> Prompt
Print the line containing "a view of a" and every later line of the records. Keep each one exactly as given, ending with the last.

(Given records)

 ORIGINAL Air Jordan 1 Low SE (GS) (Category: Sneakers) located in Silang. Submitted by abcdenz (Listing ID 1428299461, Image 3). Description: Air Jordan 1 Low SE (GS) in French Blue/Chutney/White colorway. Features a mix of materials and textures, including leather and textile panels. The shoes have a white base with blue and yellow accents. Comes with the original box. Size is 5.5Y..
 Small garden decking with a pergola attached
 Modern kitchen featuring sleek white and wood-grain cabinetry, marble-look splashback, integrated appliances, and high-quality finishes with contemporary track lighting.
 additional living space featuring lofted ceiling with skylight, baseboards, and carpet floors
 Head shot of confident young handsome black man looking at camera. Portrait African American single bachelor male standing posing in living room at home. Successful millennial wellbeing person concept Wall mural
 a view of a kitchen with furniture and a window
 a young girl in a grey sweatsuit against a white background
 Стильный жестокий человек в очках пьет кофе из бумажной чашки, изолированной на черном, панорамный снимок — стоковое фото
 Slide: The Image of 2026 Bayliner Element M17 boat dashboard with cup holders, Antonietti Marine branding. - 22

(End Given records)

> Exercise output
 a view of a kitchen with furniture and a window
 a young girl in a grey sweatsuit against a white background
 Стильный жестокий человек в очках пьет кофе из бумажной чашки, изолированной на черном, панорамный снимок — стоковое фото
 Slide: The Image of 2026 Bayliner Element M17 boat dashboard with cup holders, Antonietti Marine branding. - 22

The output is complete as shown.